Türk yat sektörünün dünyadaki yeri hakkında neler düşünüyorsunuz? Sizce sektörün eksikleri ve avantajları neler?
Eksiğimiz yok artımız var. Bildiğiniz gibi her yıl değişiyor ama “Superyat” üretiminde dünyada ilk 3-4 içerisinde bulunuyoruz. Biz emin adımlarla ilerliyoruz, bugün Türkiye denince insanların aklına hemen Turquise gibi, Numarine gibi markalar geliyor. En büyük avantajımız, her zaman daha fazla çalışmayı ve kendini geliştirmeyi seven bir toplum olmamız.
Numarine olarak uluslararası ödüller aldınız.
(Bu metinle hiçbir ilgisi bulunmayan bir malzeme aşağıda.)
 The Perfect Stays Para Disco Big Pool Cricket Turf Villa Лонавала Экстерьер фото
Bir Türk yat üreticisi olarak en iyiler arasına girmenin koşulları neler? Sizi bu noktaya taşıyan nasıl bir bakış açısı oldu?
Çok çalıştık. Hiçbir zaman “Tamam, biz olduk” demedik. Hep öğrenmeye çalıştık. Başkalarının yaptıklarından kopya çekmeyi düşünmedik. Onlardan öğrenerek kendimizi daha ileri taşımayı hedefledik. Kendi hedeflerimizi koyduk, sektörde Turquality programına ilk giren firmayız. Genç, çalışkan bir yönetim kadromuz var. Danışmalarla çalışmaktan kaçınmıyoruz. Kısacası çok çalışıyoruz.
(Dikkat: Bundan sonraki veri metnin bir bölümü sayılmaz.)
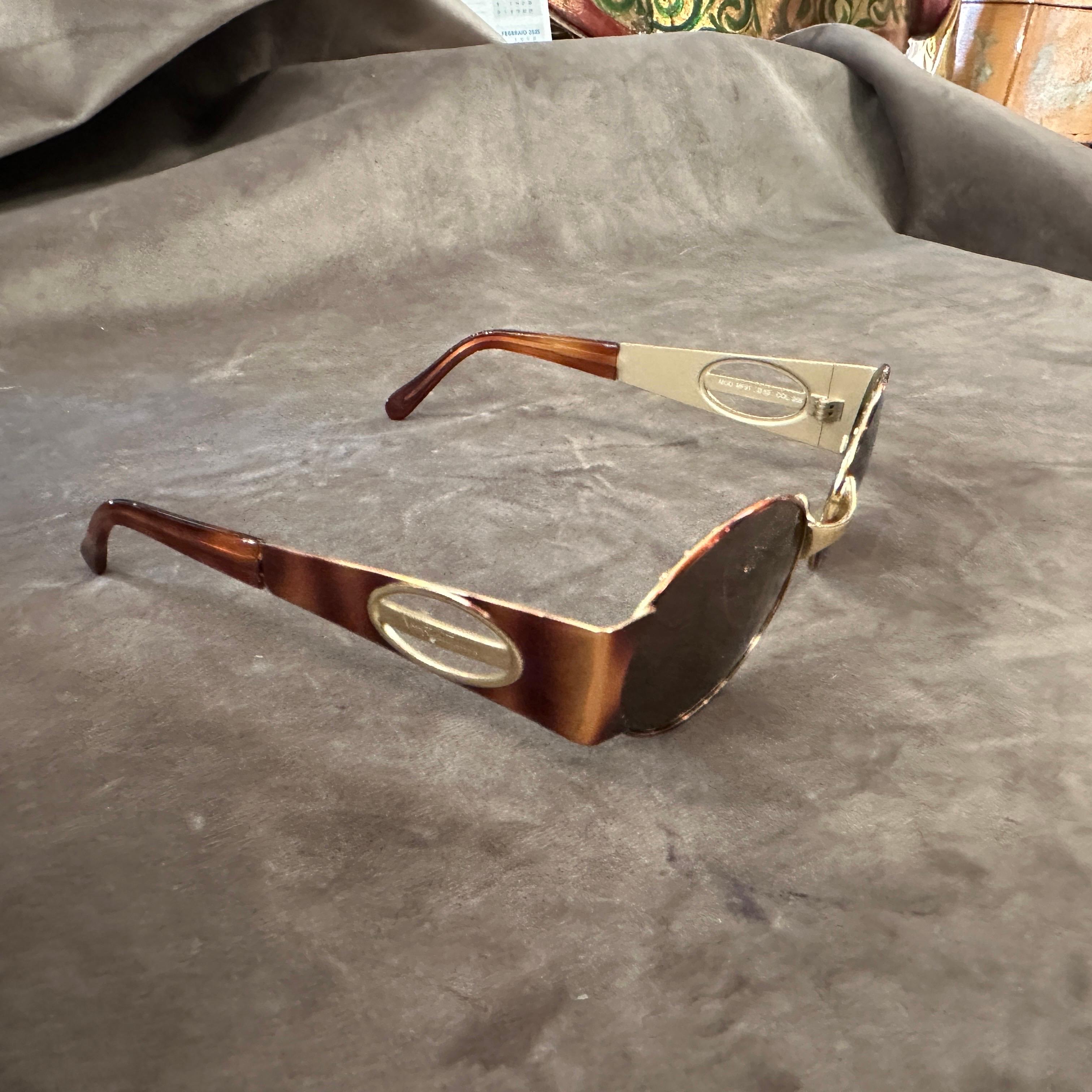 Occhiali da sole anni '90 in metallo dorato e acetato finto tartaruga di Furstenberg in vendita 5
Pandemi süreci yat inşa sektörünü nasıl etkiledi?
Bence pozitif etkiledi. İnsanlar teknelerinde daha izole ve güzel zaman geçirebileceklerini anladılar. Biz de bu yüzden “İzolasyon Budur” kampanyamızı başlattık. Bu kampanya oldukça ilgi gördü. Benim izlenimlerim ve duyumlarım, bir sürelik durgunluk sonrası oldukça hareketli bir pandemi yaşadığımız yönünde.
Bu sürecin sektörün geleceği açısından verdiği ipuçları nelerdir?
Son dönemde yaşananların verdiği ipuçları dışında farklı bir mesaj vermedi. Daha çevreci, daha sessiz, daha büyük kullanım alanları veren modeller tercih edilecek. Dünya artık değişiyor, eskiden 1500 beygirin altında motor istemeyen müşterilerimiz artık 800 beygir motorları bile büyük buluyorlar. Tekne sahipleri artık uykularında yol alabilecekleri, güvenli, uzun menzilli “dünyayı küçülten” tekneler istiyorlar.
Numarine olarak gelecek planlarınız ve hedefleriniz neler?
Hedefimiz ilk kurulduğumuz günden bugüne kadar değişmedi: Türkiye’den, tamamen Türk işçiliğiyle üretilen bir dünya markası yaratmak. Markamız artık biliniyor, şimdi hedefimiz ilk 5 içerisinde olabilmek.